U.S. Secretary of State John Kerry, left, shakes hands with Israel's Prime Minister Benjamin Netanyahu at the prime minister's office in Jerusalem, Israel, Sunday, Sept. 15, 2013. (AP Photo/Larry Downing, Pool)

“I am confident that Assad’s days are numbered.”

The president has been saying that since the final presidential debate last year, but the countdown has been getting slower and slower.

Bashar al-Assad is like a serial killer who avoids the death sentence by offering to reveal where the rest of the bodies are buried. But thanks to his instinct for self-preservation, in just two weeks – we’ve gone from the president having his thumb on the red button, to a deal that, according to the Secretary of State, will not only rid Syria of chemical weapons, but could end the civil war.

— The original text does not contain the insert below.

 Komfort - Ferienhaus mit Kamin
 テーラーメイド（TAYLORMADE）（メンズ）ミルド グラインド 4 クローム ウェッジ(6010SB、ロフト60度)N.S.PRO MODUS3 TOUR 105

“We could also lay the groundwork for further cooperation that is essential to end the bloodshed that has consumed Syria for more than two years,” said Secretary of State John Kerry

The Syrian rebels obviously don’t like this. They wanted us to come in and win. But we’ve just finished winning a couple of wars and we can’t really afford to win another one.

So the president’s military threat – half-hearted though it was – seems to have worked. Although there might also be another reason Russia and Syria were suddenly eager to cooperate with us.

Last week, Foreign Policy magazine disclosed that 30 years ago, U.S. satellites detected an Israeli chemical weapons program, which Israel has never owned up to.

The guessing in the Israeli press is that as part of the deal, the U.S. will be giving Israel a little nudge in the direction of making its chemical weapons disappear as well.